La historia cuenta que unos sastres se quisieron aprovechar del emperador y lo convencieron de que podían hacer el traje más bonito del mundo. Además, este traje solo podría ser visto por las personas inteligentes. O sea, los estúpidos no podrían verlo.
El emperador cayó en la trampa de los pícaros. Les encargó su confección y, una vez terminado, se dispuso a vestir el traje y enseñarlo, primero en la corte y luego al pueblo. Evidentemente, nadie veía el traje, pero claro, como se decía que el traje solo lo podían ver las personas inteligentes, nadie quería pasar por estúpido. ¡Todos afirmaban lo bonito que era el traje y lo elegante que lucía el emperador con él¡
Así de contento se veía el emperador hasta que un niño a viva voz dijo “¡el emperador va desnudo¡”. En ese momento, todo el mundo se dio cuenta del engaño y empezaron las burlas hacia el emperador que huyó despavorido.
Actualmente nos encontramos con muchos “trajes invisibles”. Hace poco veía una foto de un grupo de personas alrededor del carro de la limpieza en una muestra de arte moderno. Todo el mundo miraba el carro con cara de entendido, pero lo que estaban mirando era solo eso, el carro de la limpieza de la sala de exposiciones. Igual alguno llegó a pensar que eso no podía ser una obra de las expuestas, pero ¡quién se atreve a decirlo en voz alta¡ Sería reconocer públicamente su ignorancia sobre arte moderno.

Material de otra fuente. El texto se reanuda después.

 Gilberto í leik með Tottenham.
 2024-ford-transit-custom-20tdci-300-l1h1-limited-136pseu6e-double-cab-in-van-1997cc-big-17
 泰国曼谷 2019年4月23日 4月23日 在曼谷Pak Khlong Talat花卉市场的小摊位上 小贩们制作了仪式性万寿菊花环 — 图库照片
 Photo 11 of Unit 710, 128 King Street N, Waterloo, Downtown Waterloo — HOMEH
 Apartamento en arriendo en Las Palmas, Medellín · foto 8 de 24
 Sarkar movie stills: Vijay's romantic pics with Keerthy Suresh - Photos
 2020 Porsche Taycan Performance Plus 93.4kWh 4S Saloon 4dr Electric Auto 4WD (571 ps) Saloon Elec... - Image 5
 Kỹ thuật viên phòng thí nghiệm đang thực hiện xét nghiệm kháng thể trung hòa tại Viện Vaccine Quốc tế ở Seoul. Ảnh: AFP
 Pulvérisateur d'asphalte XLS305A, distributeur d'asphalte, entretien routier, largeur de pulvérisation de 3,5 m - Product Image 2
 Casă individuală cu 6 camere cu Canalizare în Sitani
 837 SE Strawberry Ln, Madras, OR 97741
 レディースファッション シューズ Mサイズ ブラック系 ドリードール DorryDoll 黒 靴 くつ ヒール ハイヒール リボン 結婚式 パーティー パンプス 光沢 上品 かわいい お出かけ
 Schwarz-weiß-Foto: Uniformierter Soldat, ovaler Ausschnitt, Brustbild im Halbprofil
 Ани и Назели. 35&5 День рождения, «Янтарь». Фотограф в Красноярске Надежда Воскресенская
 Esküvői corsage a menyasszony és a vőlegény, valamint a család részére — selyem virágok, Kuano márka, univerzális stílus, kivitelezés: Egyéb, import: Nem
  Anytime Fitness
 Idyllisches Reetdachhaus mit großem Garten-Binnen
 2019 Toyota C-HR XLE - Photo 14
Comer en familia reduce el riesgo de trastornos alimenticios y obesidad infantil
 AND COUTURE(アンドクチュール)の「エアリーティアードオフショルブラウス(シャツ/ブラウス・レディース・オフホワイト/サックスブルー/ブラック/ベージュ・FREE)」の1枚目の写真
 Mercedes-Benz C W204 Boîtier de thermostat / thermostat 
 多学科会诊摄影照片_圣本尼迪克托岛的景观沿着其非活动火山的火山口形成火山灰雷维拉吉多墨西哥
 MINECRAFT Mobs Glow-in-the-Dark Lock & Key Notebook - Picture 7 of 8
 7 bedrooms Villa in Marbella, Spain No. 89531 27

Esto se puede aplicar a películas, obras de teatro, charlas y conferencias, y en general, a todas aquellas situaciones en las que nos fiamos más de la fuente, de lo que se expresa realmente. Nadie sale de una obra de teatro de una compañía de éxito diciendo que era pésima. El temor a que los demás piensen que somos unos ignorantes pesa más que el dar abiertamente nuestra opinión. Lo mismo que con una película de cine o con la charla del gurú de moda. Todo el mundo lo alaba aunque en su exposición no haya dicho nada nuevo.
Y si a todo esto le unimos la poca costumbre que tenemos de quejarnos y luchar por nuestros derechos e intereses, pues tenemos el caldo de cultivo perfecto para que los nuevos “sastres” hagan sus nuevos “vestidos”.
La triste realidad es que, cada vez con mayor frecuencia, grupos de personas con criterio suficiente decide compartir una ignorancia colectiva de un hecho más que obvio, aunque cada uno, de forma individual, se dé cuenta de lo absurda y grotesca que puede ser la situación.
Solo porque mucha gente crea que algo es verdad, no tiene que significar necesariamente que lo sea. Debemos confiar más en nuestros conocimientos y en nuestra capacidad de crítica. Dejemos que nuestra ingenuidad hable de vez en cuando por nosotros, y expresemos sin miedo nuestras opiniones.